● Supplied entries
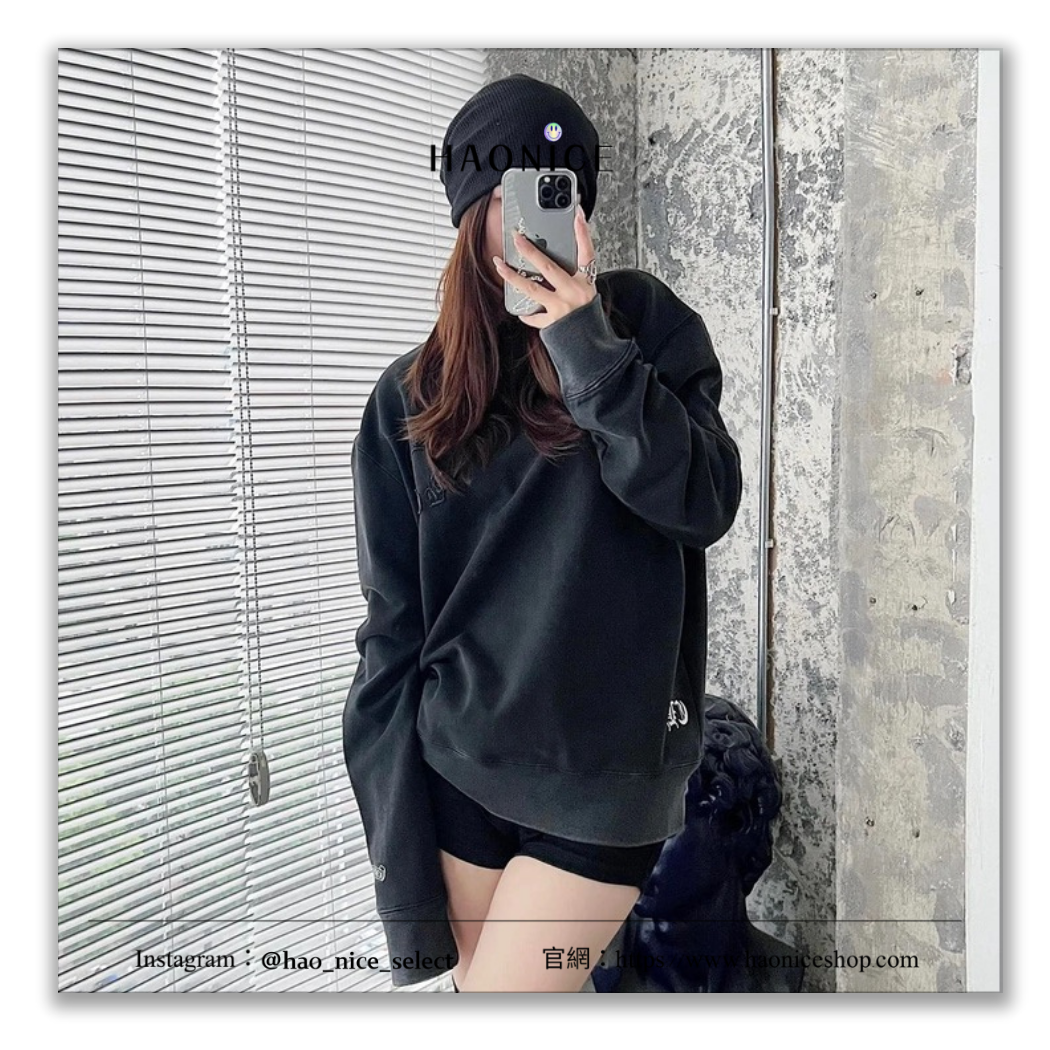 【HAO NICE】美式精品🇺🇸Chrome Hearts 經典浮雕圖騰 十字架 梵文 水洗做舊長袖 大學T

* * *

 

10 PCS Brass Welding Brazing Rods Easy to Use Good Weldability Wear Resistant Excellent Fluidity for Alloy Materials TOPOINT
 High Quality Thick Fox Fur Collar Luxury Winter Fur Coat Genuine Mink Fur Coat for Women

● Exercise directions
From the records above, copy out the line with "10 PCS Brass", the line with "High Quality Thick", and every line between them, word for word.

● Solution to this task
10 PCS Brass Welding Brazing Rods Easy to Use Good Weldability Wear Resistant Excellent Fluidity for Alloy Materials TOPOINT
 High Quality Thick Fox Fur Collar Luxury Winter Fur Coat Genuine Mink Fur Coat for Women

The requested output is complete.